┌──
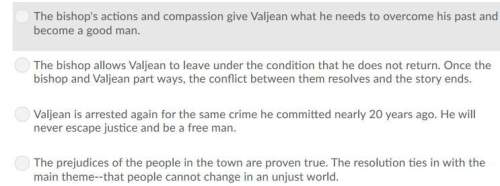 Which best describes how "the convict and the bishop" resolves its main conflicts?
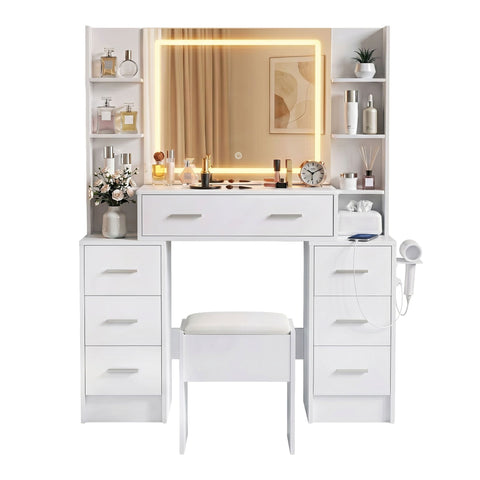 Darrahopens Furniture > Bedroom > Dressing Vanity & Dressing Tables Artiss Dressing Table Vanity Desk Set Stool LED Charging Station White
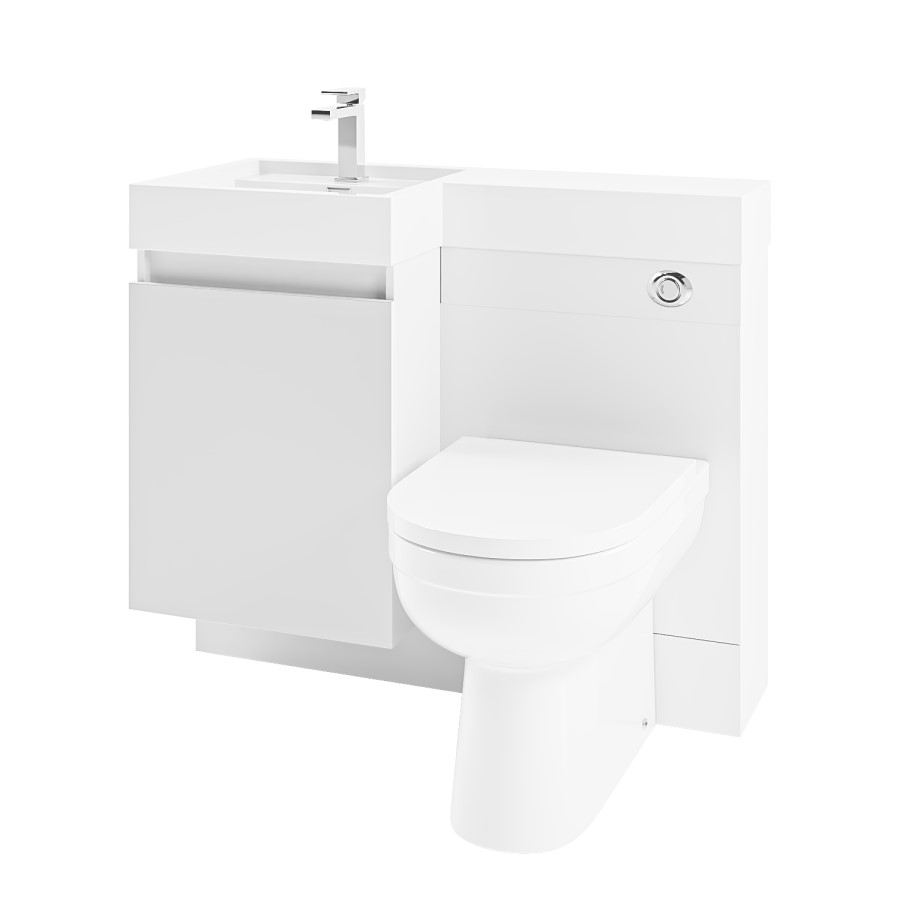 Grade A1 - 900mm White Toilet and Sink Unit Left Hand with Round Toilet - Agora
└──
┌──
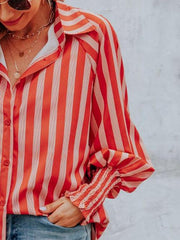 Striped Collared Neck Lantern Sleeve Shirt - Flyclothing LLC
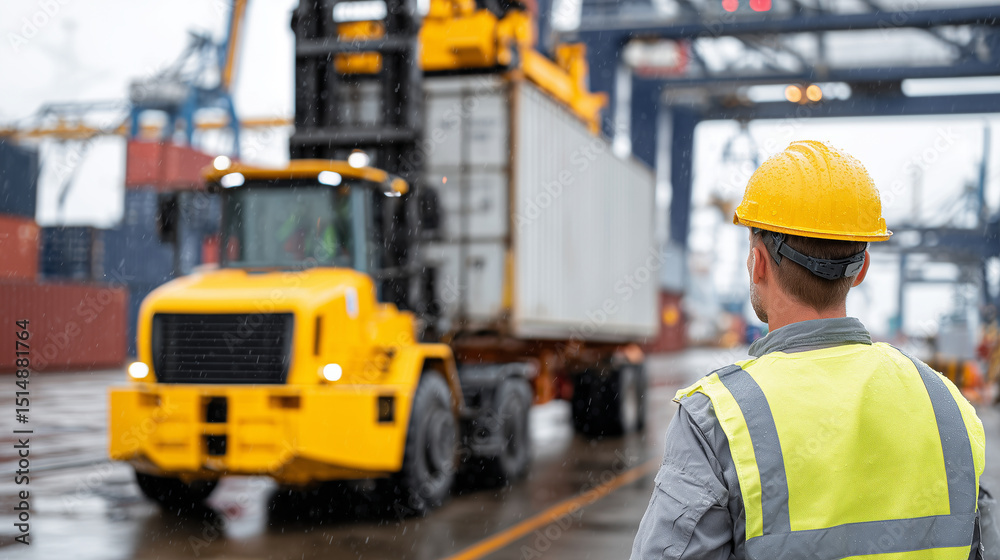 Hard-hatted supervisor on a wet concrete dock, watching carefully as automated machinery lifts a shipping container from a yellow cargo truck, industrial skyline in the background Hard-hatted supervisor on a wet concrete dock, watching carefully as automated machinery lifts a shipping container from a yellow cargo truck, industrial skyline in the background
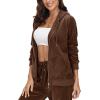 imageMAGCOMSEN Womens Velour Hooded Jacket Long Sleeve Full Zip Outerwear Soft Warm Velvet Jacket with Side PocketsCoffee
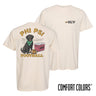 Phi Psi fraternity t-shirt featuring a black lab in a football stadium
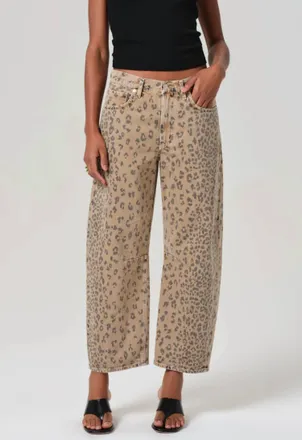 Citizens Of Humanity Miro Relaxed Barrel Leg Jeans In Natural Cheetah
└──
● **EXERCISE DIRECTIONS**
Print everything from the line with "Which best describes" down to the line with "Grade A1 - 900mm" in the entries above, both lines included and nothing more, without the pictures.

● **RESPONSE TO THE TASK**
 Which best describes how "the convict and the bishop" resolves its main conflicts?
 Darrahopens Furniture > Bedroom > Dressing Vanity & Dressing Tables Artiss Dressing Table Vanity Desk Set Stool LED Charging Station White
 Grade A1 - 900mm White Toilet and Sink Unit Left Hand with Round Toilet - Agora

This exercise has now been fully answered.